A-B 16HBE cells were incubated with NO-sensing fluorescent probe, DAF-FM, which terminally reacts with NO and becomes fluorescent. Denatonium benzoate and FFA, but not sodium benzoate activated NO production that was blocked. By NO scavenger cPTIO. C NOS inhibitor, L-NAME, blocks denatonium-induced NO production. Negative control D-NAME had no effect. D Bar graph summarizing NO production after 5 min from 16HBE experiments as in A-C). E-F Cyclic guanosine monophosphate (cGMP) is produced when NO activates soluble guanylyl cyclase. Airway cells expressing cGMP biosensor, GENIe, increase cGMP, a downstream member of the NO pathway, in response to 500 μM flufenamic acid, 15 mM denatonium benzoate, or positive control 270 μM SNAP (NO donor). I NO production does not alter denatonium-induced Ca2+i signaling in Beas-2B or 16HBE cells pretreated with L-NAME (100 μM, 1hr). Traces are representative experiments from 3 experiments. Data points on bar graph represent mean ± SEM from 3 experiments; significance determined by 1-way ANOVA using Sidak’s posttest.

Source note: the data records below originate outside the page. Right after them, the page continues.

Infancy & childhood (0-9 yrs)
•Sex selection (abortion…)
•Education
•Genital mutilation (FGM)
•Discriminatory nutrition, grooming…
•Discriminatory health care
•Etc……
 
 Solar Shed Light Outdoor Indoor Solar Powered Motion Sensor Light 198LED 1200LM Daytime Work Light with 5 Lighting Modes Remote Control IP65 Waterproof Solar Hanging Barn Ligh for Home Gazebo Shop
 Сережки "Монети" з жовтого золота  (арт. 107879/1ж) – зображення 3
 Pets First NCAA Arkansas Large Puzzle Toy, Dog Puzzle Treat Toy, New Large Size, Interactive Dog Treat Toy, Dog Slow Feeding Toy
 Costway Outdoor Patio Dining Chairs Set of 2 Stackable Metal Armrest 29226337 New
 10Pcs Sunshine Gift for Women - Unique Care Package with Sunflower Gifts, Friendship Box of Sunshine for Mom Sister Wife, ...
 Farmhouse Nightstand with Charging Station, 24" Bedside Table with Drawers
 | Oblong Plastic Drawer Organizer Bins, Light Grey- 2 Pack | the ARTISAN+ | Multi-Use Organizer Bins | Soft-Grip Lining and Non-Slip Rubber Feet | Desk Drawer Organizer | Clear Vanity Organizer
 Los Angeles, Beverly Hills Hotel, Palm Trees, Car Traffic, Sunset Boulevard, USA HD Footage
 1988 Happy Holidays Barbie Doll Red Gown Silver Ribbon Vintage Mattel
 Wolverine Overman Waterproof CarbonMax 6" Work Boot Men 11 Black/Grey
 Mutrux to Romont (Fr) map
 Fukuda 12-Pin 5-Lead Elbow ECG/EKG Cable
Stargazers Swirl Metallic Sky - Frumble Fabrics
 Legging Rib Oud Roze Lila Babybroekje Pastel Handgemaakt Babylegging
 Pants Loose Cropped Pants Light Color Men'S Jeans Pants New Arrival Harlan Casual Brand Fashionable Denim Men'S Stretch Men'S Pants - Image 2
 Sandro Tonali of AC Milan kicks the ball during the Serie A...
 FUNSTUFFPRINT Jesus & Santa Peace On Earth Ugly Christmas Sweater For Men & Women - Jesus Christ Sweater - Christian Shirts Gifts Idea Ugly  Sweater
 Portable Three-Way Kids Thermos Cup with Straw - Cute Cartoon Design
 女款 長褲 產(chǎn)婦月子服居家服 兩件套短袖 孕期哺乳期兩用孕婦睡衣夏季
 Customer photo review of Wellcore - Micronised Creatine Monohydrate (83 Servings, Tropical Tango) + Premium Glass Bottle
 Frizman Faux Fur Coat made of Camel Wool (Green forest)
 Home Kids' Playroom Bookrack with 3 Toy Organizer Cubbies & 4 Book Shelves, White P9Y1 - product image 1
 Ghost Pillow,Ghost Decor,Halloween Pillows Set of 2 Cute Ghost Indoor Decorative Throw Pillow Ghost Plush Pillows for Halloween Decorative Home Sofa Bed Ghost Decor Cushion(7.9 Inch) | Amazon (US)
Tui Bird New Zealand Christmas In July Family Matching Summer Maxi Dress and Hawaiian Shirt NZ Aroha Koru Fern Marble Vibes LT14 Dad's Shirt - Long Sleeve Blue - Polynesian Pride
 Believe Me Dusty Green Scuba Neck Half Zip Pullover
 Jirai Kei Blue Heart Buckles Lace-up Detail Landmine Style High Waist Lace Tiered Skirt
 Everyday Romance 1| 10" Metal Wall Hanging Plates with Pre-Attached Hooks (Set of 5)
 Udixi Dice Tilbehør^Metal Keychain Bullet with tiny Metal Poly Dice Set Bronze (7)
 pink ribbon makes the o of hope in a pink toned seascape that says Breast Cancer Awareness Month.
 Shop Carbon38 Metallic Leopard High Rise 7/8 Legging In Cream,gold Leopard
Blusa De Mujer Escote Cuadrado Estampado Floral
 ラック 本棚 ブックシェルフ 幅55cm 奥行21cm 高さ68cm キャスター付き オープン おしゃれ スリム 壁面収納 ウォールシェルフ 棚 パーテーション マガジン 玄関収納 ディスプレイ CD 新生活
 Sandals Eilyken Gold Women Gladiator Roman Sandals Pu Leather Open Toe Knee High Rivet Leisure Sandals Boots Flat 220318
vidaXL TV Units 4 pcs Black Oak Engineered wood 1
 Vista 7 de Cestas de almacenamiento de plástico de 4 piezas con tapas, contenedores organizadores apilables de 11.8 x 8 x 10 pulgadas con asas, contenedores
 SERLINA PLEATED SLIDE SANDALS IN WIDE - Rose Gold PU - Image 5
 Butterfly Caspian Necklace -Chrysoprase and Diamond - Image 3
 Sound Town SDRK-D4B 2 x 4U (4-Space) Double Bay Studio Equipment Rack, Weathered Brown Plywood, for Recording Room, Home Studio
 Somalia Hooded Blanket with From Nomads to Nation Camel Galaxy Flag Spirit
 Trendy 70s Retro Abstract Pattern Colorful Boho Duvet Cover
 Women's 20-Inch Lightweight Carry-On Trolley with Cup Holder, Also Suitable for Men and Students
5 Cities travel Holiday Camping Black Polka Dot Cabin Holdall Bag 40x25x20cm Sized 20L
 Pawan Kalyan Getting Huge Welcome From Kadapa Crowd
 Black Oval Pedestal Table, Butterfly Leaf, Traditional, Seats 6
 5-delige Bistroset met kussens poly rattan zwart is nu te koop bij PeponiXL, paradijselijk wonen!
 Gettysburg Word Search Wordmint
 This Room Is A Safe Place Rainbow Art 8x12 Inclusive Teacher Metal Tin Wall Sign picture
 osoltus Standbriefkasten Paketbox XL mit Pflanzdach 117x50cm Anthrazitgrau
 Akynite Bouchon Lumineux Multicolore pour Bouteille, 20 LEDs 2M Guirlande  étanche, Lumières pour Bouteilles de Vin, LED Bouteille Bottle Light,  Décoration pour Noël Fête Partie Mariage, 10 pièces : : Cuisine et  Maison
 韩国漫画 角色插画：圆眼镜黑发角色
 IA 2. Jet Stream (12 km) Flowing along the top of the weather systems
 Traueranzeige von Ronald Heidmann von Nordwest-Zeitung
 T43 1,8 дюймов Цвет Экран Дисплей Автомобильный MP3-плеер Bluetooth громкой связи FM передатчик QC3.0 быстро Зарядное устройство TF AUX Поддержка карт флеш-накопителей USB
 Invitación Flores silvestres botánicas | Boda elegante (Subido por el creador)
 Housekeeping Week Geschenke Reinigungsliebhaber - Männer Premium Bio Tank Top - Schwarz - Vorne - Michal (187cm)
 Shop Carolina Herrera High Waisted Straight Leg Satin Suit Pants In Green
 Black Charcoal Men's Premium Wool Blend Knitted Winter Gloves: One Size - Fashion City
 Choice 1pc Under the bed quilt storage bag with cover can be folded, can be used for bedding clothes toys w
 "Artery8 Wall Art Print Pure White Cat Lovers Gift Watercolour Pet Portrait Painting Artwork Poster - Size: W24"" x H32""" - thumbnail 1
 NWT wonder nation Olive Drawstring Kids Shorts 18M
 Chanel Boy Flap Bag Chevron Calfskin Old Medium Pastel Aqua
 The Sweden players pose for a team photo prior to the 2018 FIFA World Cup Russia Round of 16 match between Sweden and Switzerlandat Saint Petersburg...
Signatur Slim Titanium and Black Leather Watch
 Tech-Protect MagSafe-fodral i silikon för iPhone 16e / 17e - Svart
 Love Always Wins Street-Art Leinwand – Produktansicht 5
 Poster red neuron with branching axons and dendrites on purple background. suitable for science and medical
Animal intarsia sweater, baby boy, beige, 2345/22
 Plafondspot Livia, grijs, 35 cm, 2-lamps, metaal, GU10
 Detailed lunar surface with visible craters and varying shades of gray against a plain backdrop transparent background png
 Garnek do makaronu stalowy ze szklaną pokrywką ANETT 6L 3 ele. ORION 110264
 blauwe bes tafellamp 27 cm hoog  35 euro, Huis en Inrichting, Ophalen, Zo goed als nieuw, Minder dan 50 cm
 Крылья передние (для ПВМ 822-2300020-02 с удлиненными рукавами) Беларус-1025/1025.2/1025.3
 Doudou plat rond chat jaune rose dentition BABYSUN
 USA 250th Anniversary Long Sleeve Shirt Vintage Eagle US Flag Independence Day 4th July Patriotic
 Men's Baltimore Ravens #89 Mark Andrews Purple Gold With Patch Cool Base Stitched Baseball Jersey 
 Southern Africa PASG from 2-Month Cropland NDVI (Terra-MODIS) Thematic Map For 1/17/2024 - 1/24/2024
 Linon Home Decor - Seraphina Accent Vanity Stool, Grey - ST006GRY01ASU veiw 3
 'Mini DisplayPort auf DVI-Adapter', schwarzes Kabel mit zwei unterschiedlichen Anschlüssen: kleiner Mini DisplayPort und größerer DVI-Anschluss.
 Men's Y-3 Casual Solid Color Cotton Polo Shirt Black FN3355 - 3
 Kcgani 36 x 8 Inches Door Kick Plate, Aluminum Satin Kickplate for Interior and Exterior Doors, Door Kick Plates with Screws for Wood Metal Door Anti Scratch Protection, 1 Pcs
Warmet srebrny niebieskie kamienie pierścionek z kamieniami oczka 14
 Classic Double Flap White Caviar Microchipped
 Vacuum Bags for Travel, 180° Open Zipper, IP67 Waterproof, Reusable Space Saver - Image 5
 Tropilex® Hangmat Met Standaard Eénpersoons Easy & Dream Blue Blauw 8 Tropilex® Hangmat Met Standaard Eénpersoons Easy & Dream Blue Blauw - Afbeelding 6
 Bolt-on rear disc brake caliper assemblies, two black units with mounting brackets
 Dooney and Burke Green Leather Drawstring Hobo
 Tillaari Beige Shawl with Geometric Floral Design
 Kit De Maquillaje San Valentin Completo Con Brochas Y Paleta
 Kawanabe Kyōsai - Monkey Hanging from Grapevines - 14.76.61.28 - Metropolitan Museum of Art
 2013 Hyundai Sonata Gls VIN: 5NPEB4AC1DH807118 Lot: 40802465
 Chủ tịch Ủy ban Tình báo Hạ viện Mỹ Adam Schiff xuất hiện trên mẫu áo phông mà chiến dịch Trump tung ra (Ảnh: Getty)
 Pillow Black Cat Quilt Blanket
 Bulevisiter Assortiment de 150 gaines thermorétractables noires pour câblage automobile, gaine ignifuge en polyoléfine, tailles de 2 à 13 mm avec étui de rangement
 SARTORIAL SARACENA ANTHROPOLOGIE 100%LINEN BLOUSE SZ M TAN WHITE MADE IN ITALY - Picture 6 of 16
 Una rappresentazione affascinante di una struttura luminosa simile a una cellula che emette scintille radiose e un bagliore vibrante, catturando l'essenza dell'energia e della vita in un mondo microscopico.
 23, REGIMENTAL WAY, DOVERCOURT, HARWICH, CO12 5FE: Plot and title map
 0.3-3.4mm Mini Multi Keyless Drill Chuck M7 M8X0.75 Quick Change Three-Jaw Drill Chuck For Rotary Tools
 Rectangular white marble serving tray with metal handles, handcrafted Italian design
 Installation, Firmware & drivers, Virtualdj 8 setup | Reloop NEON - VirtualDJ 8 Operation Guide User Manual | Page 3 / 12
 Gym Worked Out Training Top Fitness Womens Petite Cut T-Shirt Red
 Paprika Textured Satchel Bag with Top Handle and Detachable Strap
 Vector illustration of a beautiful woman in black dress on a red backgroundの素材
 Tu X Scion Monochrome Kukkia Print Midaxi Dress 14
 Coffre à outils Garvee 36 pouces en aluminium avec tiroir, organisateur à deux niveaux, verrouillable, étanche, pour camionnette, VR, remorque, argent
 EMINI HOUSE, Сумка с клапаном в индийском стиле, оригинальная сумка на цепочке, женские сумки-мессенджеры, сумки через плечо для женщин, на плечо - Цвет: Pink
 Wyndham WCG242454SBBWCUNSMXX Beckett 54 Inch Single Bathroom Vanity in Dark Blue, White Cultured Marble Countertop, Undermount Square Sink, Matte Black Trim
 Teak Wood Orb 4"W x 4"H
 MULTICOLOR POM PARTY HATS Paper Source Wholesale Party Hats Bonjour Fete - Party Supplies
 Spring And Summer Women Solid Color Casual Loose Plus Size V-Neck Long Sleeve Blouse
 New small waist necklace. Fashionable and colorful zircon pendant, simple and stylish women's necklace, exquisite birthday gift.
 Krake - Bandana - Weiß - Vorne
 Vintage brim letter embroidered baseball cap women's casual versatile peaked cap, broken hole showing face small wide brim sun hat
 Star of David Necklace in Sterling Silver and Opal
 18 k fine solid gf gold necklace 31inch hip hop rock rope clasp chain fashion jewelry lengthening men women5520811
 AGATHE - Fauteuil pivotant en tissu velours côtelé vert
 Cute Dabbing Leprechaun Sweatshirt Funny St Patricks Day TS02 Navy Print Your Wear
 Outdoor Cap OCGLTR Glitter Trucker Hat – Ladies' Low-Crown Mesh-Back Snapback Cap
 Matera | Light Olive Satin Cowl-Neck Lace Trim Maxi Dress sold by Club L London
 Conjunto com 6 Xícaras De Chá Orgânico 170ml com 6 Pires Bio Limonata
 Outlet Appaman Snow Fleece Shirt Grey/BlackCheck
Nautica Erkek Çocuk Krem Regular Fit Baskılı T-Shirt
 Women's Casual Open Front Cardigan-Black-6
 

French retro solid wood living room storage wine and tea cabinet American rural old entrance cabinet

T2R14 and T2R39 localize partially to the nucleus
Intrigued by strong Ca2+nuc responses and the partial nuclear staining of T2Rs above, we examined T2R localization in airway cells. GPCRs and associated proteins can localize to and function on the outer nuclear membrane or within internal nucleoplasmic reticulum membranes [32, 33]. A previous study reported an altered staining of T2R38 from cilia in normal tissue to nuclear localization in inflamed and de-ciliated CRS tissue [34], though antibody specificity was not verified nor were functional consequences reported. We hypothesized that certain T2Rs may localize to the nucleus or surrounding ER in the absence of proper trafficking to cilia.
Poor trafficking of T2Rs to the cell surface was reported in the context of potential requirement for β2 adrenergic receptors (β2ARs) to “chaperone” T2Rs [19]. However, most airway epithelial cells have robust β2AR expression; cAMP imaging with β2AR agonists in Beas-2Bs, 16HBEs, NCI-H292s, and A549s (Supplementary Fig. S13) suggests results here are not due to lack of β2ARs.
Immunofluorescence in multiple cells showed nuclear staining for T2R14 (responds to FFA, DPD, and quinine) and T2R39 (responds to denatonium benzoate and quinine) (Fig. 4A-F, Supplementary Fig. S14). The antibody against T2R14 was previously validated [6]. To test if the T2R39 antibody was specific, CRISPR-Cas9 was used to create a frameshift in TAS2R39 in A549s. No T2R39 staining was observed in these knockout cells, supporting nuclear localization (Fig. 4B). We also saw nuclear staining with an antibody against α-gustducin (Figure 4A), though implications are unclear in light of Fig. 2E and previous studies suggesting epithelial T2R signaling is gustducin-independent [35].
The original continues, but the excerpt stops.